In some ways this seems to have gotten started with a couple of shows about families that had a large number of children at one time. So, for example, there was Jon and Kate plus Eight, the novelty being that the couple had all but one (I think) of their kids at one time, through fertility drugs. That this was the novelty, however, seems to have been quickly forgotten, and now it suffices just for a couple to have a lot of children.
This has even developed to the point where even people having smaller sized families is deemed noteworthy if the couple is a celebrity couple. There are a couple of television shows that have had this as a platform even though I can't grasp why that should be any more interesting to people than any other couple having children. Indeed in real terms, it isn't, as you don't know the couple.
The worst example of this show, in my view, is MTV's Sixteen and Pregnant. Defenders of the show argue that it shows the viewers that you don't want to be sixteen and pregnant, but what it really seems to do is follow around a fairly clueless set of male and female couples in an expertize of pathos. And it seems to me that its simply odd to be following around teenagers with a camera and pretend that the cameraman isn't there. Of course the camera is there. Who has a deep meaningful discussion on anything with a camera there?

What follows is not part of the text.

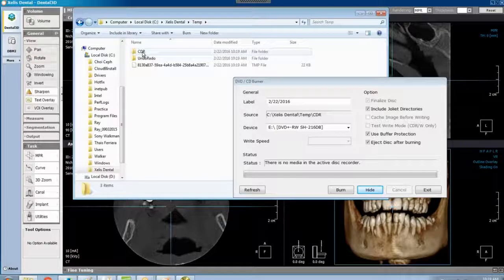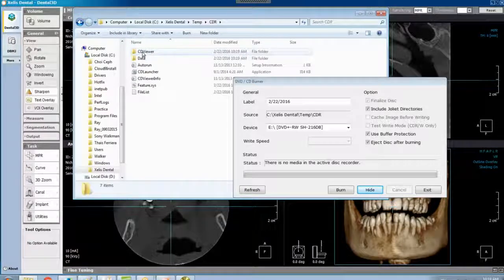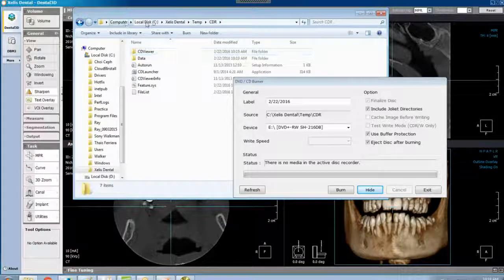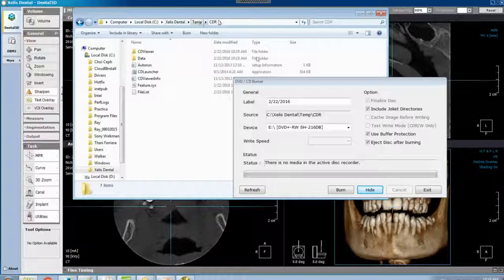Double clicking on CDR. You want to make sure that your header, C drive, Zealous Dental Temp CDR matches the source.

Well, anyway, there's still the old movie channels.
Tuesday, June 11, 2013
Pemco automatic reel
This ia Pemco fly fishing reel that's rather old, which I recently pressed back into service. I'm pretty sure I have it mounted backwards here, but I rather absentmindedly did this as the line was feeding out from the other direction. I rather obviously could have fixed that, but I just took it for granted that it was feeding out from the correct direction.

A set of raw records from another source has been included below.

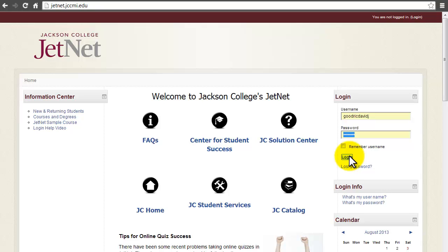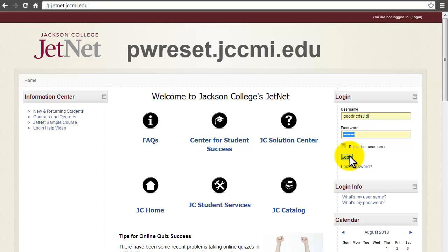Then put in your password. If you need help resetting your password in case you forgot it, please go to pwreset.jccmi.edu.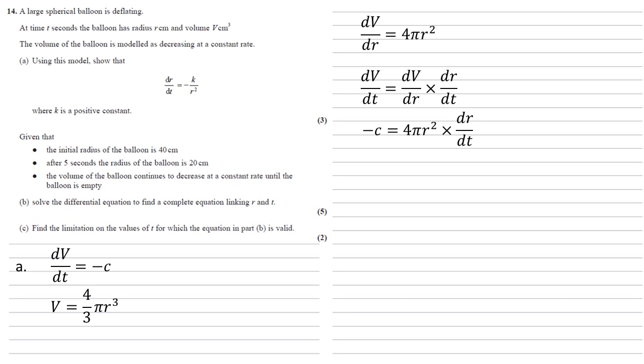Dividing both sides by four pi r squared gives us that dr/dt equals minus c over four pi r squared. Well c is a constant, four pi is a constant, so we can replace that part with k, so we get minus k over r squared, where k is equal to c over four pi.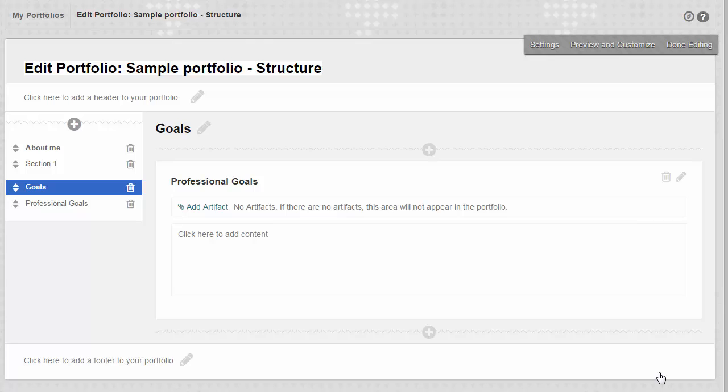Now you can add new sections directly in a page by clicking the plus icon wherever you want the section to go. I'm going to add a new section for my learning goals below my Professional Goals.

The action of this reel is rather odd, and I wouldn't buy one if it were offered now. It's an automatic reel. That is, the line retracts when the trigger is pressed. Having said that, I'm rather surprised by how well it works.
Anybody know anything about these?
Epilog
I had the occasion to take this apart the other day, as I had to add line to it. In the process, I stripped it down to clean it. Turns out it works much like a wind up clock.

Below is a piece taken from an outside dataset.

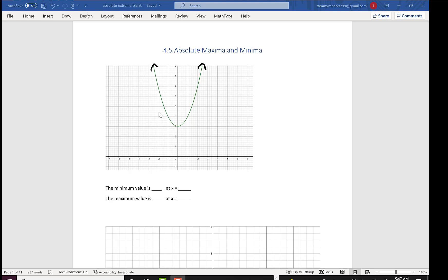Hi everyone. Today we're going to talk about absolute maxima and absolute minima, sometimes called absolute extrema. We're still talking about max and min like we have before, but now we're trying to find the very highest and the very lowest point for a graph. We're going to start like we have before where we have a graph and we're trying to decide: does it have a max, does it have a min?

Here's what keep the whole thing running. A long steel spring that is set to an axle, which is set by tightening the base.
Monday, June 10, 2013
SUVs before SUVs
A 1962 Dodge Power Giant Carryall. Not mine, I saw it for sale the other day while driving through town. It appears in nice shape, and still features bias ply tires. This is a D100 Carryall, which means its rated at 1/2 ton, although it has a two speed rear axle. Of course, I don't know anything about it or what is, or isn't original. It looks pretty original, however.
Anyhow, it's interesting how SUVs are supposed to be a modern concept, with the Chevrolet Suburban supposedly sort of ushering them in. But Suburban's themselves go way back, and before them were vehicles like this Dodge Carryall. Carryalls, in fact, go all the way back to World War Two.
Of course, these aren't easy to drive. It has a manual transmission and armstrong steering. And, of course, conventional hydraulic brakes. Not something a soccer mom, or dad, would probably drive. Still, it's interesting to note how far back the concept of a full sized 4x4, built on a truck frame, goes. About as far back as 4x4 trucks themselves.